De Biënnale van Venetië 2024 – Deel 2

tekst en fotografie Rik Guns

Deel 2 – Zeng Fanzhi (schilder) en Tadao Ando (architect)
een ‘collateral’ expo

‘Near and Far / Now and Then’
Nog tot 30 september 2024
Scuola Grande della Misericordia
Organisatie: Los Angeles County Museum of Art

ZEN ZIJN IN VENETIË

Zeng Fanzhi (1964) is een van de meest succesvolle kunstenaars van China, zeg maar van heel Azië. Tijdens de Biënnale kan je recent werk van hem bewonderen in een zogenaamde ‘collateral’ expo. Dat zijn tentoonstellingen, 30 in totaal, die los van de officiële selectie, ergens in de stad, in een historisch gebouw, een verlaten kerk of een museum plaats vinden. Voor de expo van Zeng Fanzhi vormde het budget blijkbaar geen probleem. Dankzij het Los Angeles County Museum of Art (LACMA) kreeg hij een megatentoonstelling in de historische Scuola Grande della Misericordia, een prachtig zestiende-eeuws gebouw. De inrichting werd overgelaten aan Tadao Ando (1941), een wereldberoemd Japans architect. Het resultaat van hun samenwerking is grandioos, onvergetelijk voor een onbevangen bezoeker zoals ik, die voordien nog nooit van de schilder of de architect had gehoord. Ik ga naar de Biënnale om te ontdekken, niet om bevestiging te zien.
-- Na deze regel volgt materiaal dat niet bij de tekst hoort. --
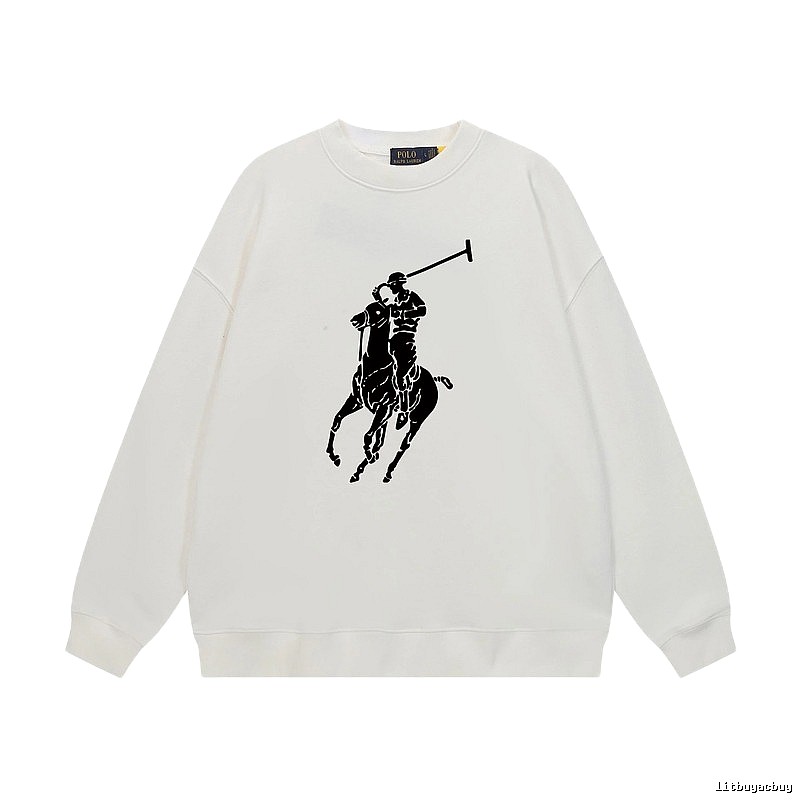 Ralph Lauren Polo Retro Style White Sweatshirt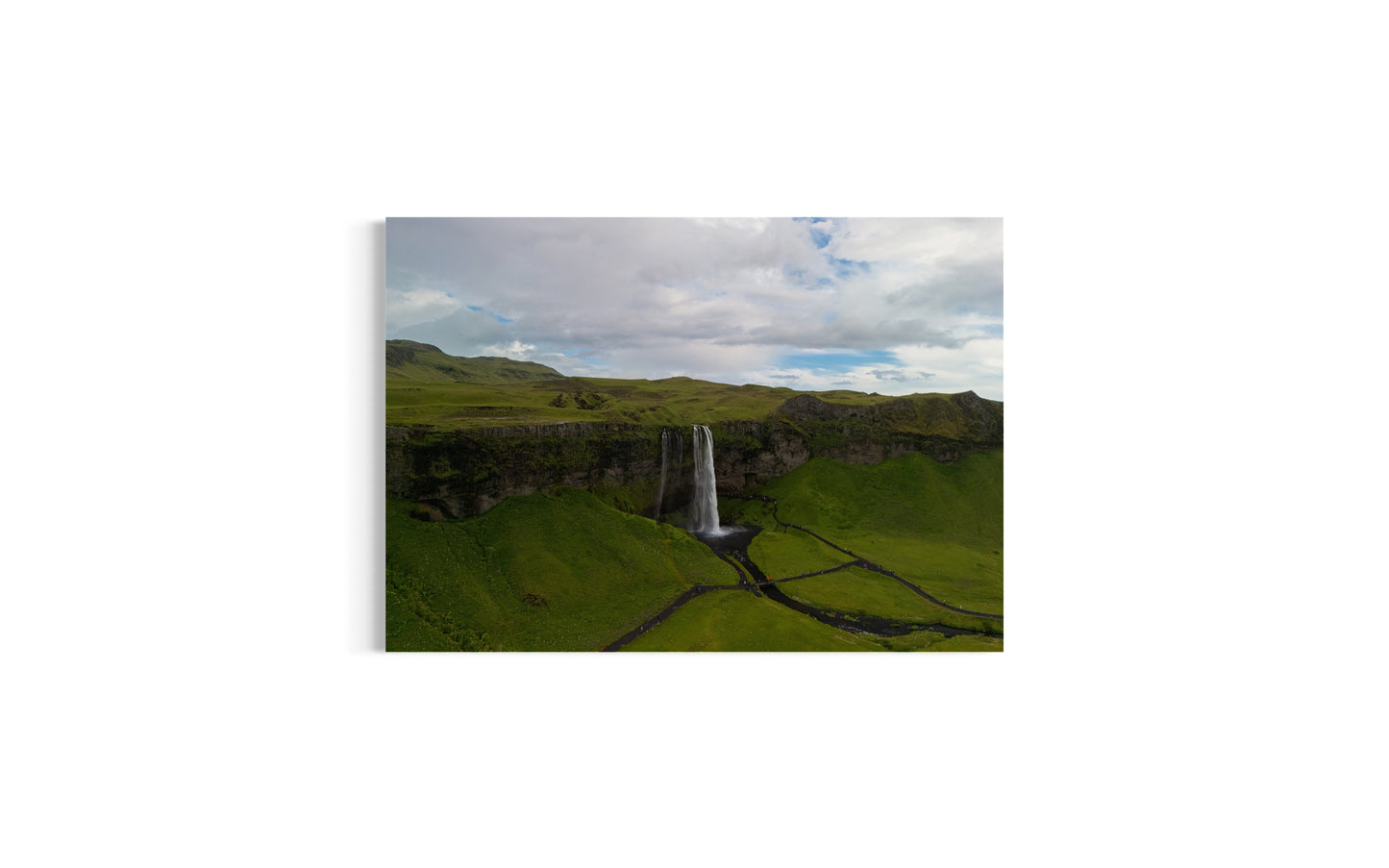 Seljalandsfoss | Dronebillede fra Island
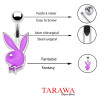 Piercing nombril play boy 1.2mm couleur violet  - Tarawa.com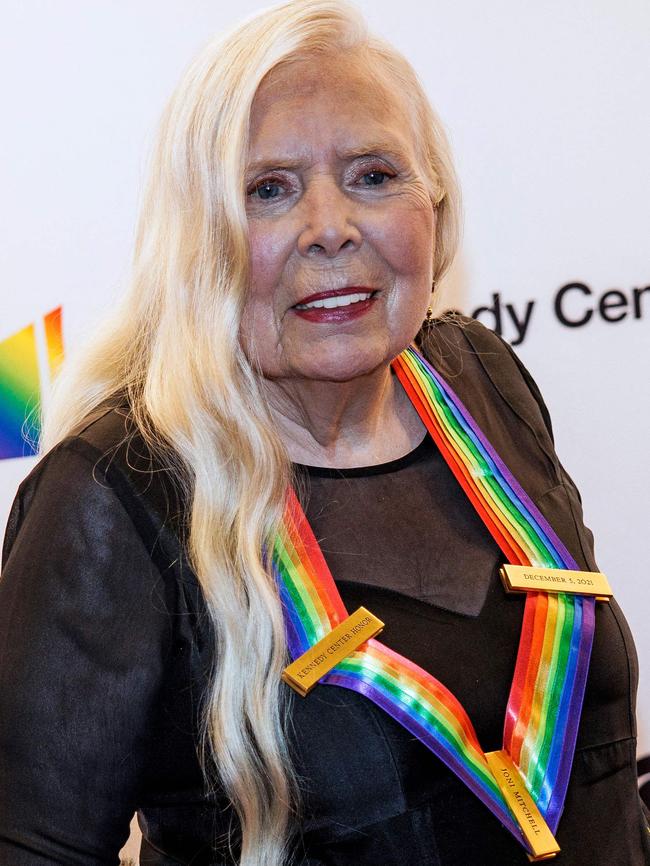 Joni Mitchell. Picture: AFP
Tadao Ando is een minimalist die zich kon uitleven in dit enorme gebouw. Het gelijkvloers wordt beheerst door een magistrale zuilengalerij, voor de rest is er niets dan lege ruimte, 46 m lang, 19 m breed en 10 m hoog en, zoals het een minimalist betaamt, deed Ando er ook niets mee, hij liet de ruimte voor wat ze is, hij verduisterde zelfs de meeste ramen, zodat je als bezoeker verdwijnt in het halfduister en je je aandacht enkel kunt richten op een helverlicht, gigantisch schilderij in de verte vóór je. Eens je bekomen bent van het zicht en je je in een natuurlijke reflex omdraait, zie je een tweede werk van dezelfde omvang aan het andere uiteinde. Twee verlichte schilderijen, elk 4,8 bij 4,8 meter, bestaand uit 16 panelen en verder niets, buiten statige zuilen, in die schemering van 874 m2. Ik kan je verzekeren: het raakt je.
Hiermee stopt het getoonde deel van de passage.